Exercise data section start
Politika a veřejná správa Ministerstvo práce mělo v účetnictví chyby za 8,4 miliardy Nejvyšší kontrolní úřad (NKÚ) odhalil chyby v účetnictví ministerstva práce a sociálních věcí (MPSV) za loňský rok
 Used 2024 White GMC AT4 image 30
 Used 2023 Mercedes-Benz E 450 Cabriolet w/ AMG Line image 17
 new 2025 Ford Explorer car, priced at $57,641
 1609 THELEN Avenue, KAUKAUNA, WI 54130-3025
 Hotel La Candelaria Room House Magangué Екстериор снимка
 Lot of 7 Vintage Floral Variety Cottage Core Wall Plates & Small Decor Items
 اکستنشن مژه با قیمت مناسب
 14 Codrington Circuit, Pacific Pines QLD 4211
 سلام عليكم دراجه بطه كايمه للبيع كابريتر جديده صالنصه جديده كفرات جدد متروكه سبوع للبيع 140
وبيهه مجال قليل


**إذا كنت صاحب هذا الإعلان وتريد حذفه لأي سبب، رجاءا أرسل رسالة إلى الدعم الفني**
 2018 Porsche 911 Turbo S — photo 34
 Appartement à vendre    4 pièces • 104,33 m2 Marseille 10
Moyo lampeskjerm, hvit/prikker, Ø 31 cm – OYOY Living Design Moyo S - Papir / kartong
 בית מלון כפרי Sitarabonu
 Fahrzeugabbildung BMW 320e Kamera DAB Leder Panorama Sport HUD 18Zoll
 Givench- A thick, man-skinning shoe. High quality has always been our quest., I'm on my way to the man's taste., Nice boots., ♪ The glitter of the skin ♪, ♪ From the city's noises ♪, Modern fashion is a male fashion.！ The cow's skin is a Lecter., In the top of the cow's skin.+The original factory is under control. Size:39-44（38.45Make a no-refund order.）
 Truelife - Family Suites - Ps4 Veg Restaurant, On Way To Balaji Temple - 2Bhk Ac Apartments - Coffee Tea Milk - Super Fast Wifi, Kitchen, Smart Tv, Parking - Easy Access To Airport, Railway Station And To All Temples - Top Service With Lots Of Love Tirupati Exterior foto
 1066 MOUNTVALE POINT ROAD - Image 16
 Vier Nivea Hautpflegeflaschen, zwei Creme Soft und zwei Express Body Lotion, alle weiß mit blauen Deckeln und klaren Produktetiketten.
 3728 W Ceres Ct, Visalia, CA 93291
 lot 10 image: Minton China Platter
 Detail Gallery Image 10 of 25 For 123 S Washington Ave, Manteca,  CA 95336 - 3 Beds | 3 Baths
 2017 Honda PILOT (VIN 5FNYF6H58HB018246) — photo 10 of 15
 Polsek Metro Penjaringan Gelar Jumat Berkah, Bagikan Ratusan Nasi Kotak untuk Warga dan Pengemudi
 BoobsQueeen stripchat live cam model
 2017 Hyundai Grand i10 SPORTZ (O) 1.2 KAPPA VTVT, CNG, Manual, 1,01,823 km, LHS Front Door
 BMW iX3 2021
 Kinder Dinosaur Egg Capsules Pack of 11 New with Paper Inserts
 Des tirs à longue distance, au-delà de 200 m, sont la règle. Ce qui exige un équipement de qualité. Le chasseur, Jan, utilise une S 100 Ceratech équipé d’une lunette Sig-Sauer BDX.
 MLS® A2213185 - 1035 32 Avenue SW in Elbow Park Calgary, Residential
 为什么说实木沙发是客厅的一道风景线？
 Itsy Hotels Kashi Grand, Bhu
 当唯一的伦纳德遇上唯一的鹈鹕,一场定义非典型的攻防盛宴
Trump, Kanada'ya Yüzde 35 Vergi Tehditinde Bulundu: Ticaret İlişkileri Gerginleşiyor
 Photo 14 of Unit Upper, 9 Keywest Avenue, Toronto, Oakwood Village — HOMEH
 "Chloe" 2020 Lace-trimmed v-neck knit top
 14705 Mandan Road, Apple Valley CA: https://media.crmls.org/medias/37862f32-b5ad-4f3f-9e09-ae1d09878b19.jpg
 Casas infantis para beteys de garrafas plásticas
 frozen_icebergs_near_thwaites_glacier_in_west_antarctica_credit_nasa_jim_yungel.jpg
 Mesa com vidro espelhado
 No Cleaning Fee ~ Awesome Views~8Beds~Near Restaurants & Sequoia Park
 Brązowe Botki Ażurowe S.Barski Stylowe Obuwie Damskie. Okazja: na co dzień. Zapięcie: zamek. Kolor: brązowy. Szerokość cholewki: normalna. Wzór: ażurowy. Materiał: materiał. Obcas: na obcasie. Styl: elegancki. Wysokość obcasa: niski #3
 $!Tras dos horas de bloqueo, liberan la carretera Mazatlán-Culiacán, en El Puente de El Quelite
Exercise data section end
— Your goal —
What you return should be the lines from the start of the data through the line with "Used 2023 Mercedes-Benz", quoted exactly and nothing more.

— Written answer —
Politika a veřejná správa Ministerstvo práce mělo v účetnictví chyby za 8,4 miliardy Nejvyšší kontrolní úřad (NKÚ) odhalil chyby v účetnictví ministerstva práce a sociálních věcí (MPSV) za loňský rok
 Used 2024 White GMC AT4 image 30
 Used 2023 Mercedes-Benz E 450 Cabriolet w/ AMG Line image 17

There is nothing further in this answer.